Sir James Spicer, a former Tory MP, who joined the Home Guard ''illegally'' at age 15, denounced the allegations as a ''grave slur''.
''I am dismayed that more than half-a-century on from the formation of the Home Guard, a so-called expert should dredge up facts and figures to suggest that the Home Guard was a shower,'' said Sir James, who retired as MP for West Dorset at the election.
''This is a grave slur and part of the current trend of denigrating the good things of the past.''
Sir James said he tried to join the Home Guard in 1940 at the age of 14, but failed. A year later he did join, but had to pretend he was 16, the minimum age.
He said: ''I was proud to be a member of a commando group in the Middlesex Battalion. We were efficient, fit, reasonably well-equipped and above all had a hard-core of those who had seen front-line service in the First World War and who were then only in their 40s.
''I am absolutely certain that we would have given a good account of ourselves in combat and we certainly played a major part in guarding vulnerable installations. But, alas, it is now part of life to denigrate everything that goes on.''
Former Tory MP Winston Churchill, grandson of Britain's wartime leader, said from Bahrain: ''It is very easy to poke fun at the Home Guard, especially when the closest any of the people involved in the production have ever been to it is to have watched Dad's Army.''
Mr Churchill added: ''I have nothing but contempt, as do the majority of British people, for those who cast such cheap aspersions on very honourable people who played their part in the defence of our country.''
Veteran Les Dinning, organising a memorial to the Desert Rats in Thetford Forest, Norfolk, spent a year in the Home Guard when he was a teenager before joining the Army. He said: ''I think the criticism is very unfair. Of course, many members were untrained and either very old or very young because they were the only ones left. But in the circumstances they did an excellent job.''
The documentary claims 50 citizens mistakenly died at the hands of the volunteers during the war.

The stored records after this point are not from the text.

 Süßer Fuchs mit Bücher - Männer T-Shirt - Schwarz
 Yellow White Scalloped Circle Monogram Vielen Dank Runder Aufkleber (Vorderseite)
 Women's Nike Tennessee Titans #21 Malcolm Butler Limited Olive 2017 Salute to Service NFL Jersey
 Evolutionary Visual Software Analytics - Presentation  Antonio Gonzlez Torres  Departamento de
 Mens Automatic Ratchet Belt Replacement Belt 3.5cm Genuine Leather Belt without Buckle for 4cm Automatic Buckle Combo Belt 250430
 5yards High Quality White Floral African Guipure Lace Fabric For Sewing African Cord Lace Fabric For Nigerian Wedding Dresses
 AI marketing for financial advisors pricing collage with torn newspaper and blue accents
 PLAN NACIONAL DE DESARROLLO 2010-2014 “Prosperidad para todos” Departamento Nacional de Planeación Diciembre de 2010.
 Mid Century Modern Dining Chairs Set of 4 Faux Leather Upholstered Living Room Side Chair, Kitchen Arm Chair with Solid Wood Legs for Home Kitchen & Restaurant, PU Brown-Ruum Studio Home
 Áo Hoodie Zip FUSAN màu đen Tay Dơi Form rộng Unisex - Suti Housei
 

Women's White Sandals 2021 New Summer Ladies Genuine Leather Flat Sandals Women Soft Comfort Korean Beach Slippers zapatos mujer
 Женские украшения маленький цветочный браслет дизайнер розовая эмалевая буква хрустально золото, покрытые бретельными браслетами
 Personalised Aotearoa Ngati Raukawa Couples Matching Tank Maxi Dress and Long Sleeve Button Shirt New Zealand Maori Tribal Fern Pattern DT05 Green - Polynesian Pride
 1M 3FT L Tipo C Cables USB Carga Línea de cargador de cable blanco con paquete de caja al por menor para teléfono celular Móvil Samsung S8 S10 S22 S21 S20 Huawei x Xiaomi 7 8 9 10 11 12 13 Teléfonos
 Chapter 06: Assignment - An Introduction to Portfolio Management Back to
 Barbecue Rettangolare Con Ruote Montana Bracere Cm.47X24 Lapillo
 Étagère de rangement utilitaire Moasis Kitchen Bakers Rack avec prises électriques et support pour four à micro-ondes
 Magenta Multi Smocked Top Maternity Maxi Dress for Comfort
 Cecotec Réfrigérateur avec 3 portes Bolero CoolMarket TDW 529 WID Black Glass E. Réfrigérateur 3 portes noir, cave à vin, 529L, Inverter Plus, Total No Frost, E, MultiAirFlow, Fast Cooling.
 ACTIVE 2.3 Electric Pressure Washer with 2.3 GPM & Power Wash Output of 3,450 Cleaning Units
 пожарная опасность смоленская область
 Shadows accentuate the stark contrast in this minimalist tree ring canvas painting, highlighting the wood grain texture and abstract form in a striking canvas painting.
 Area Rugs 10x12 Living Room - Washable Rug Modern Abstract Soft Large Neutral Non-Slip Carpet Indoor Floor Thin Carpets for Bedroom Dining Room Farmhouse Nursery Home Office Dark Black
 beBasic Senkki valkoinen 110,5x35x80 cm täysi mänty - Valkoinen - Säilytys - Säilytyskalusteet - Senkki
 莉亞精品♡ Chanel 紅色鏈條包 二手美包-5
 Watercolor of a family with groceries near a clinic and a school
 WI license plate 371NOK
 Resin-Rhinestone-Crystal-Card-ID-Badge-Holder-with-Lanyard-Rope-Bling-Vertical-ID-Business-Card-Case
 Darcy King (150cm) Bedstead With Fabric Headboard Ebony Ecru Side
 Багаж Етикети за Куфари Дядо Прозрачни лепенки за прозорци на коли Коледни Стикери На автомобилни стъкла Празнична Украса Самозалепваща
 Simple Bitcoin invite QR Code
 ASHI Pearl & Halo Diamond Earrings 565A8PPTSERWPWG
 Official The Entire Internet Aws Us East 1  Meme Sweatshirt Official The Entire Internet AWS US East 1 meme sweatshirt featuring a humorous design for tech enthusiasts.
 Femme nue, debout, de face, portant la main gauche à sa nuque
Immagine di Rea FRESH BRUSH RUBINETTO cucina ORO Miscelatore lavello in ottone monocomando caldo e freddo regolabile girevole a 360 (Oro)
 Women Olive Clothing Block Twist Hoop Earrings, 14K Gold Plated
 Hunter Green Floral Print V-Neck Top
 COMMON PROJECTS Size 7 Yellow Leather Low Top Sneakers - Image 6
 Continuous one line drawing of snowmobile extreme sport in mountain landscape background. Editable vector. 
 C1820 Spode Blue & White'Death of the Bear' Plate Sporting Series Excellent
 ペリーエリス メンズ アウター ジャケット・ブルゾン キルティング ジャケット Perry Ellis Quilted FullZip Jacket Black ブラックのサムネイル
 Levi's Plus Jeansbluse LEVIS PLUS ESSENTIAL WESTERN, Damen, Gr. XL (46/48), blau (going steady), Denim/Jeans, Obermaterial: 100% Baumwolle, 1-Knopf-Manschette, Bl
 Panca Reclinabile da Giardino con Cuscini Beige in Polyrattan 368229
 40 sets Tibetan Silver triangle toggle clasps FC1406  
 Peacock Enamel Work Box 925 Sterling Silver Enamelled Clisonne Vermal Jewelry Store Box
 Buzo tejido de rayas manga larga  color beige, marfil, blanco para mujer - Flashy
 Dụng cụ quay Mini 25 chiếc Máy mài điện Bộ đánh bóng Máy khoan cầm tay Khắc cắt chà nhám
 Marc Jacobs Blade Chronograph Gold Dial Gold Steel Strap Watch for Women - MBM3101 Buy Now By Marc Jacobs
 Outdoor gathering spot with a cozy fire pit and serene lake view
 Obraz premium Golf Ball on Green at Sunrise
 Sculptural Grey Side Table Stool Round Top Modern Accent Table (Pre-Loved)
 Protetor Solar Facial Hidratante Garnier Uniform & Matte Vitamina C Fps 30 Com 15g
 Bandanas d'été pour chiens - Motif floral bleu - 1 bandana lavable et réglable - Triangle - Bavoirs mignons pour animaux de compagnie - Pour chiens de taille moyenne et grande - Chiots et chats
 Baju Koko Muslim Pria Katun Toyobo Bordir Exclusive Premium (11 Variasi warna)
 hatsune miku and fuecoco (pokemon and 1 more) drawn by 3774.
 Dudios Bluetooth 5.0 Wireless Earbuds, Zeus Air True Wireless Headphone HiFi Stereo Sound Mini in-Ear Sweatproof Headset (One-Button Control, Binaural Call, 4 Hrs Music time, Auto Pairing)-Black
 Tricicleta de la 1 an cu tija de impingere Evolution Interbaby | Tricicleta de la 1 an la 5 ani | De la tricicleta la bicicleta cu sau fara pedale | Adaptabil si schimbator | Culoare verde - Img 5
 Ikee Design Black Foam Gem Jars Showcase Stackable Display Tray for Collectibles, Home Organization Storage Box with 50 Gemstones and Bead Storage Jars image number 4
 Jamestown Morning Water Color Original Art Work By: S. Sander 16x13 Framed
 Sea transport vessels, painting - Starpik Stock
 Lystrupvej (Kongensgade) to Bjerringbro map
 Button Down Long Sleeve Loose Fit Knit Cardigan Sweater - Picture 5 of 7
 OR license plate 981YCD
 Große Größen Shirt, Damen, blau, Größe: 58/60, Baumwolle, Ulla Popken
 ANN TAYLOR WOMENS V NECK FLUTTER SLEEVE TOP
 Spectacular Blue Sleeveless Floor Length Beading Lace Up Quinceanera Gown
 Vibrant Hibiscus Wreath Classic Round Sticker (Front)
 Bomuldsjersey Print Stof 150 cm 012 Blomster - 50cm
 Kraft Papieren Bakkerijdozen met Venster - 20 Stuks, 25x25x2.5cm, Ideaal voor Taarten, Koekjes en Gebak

Some deaths were caused by an inability to use rifles and guns provided. Others were caused by over-enthusiastic recruits.
The programme says a 15-year-old boy was shot dead in September 1940 as he cycled to an aircraft factory to watch planes being tested. He had not heard an order to stop because he was deaf.
In another incident, members of the Home Guard nearly killed top fighter pilot Flight Lieutenant James Nicolson, VC, when they suspected he was a German spy after he bailed out of his plane.
The documentary, which aims to tell the real story behind the ''cosy myth'' of the Home Guard, also refers to acts of bravery and heroism by members of the volunteer force. It will be screened on Monday, June 8 at 9pm.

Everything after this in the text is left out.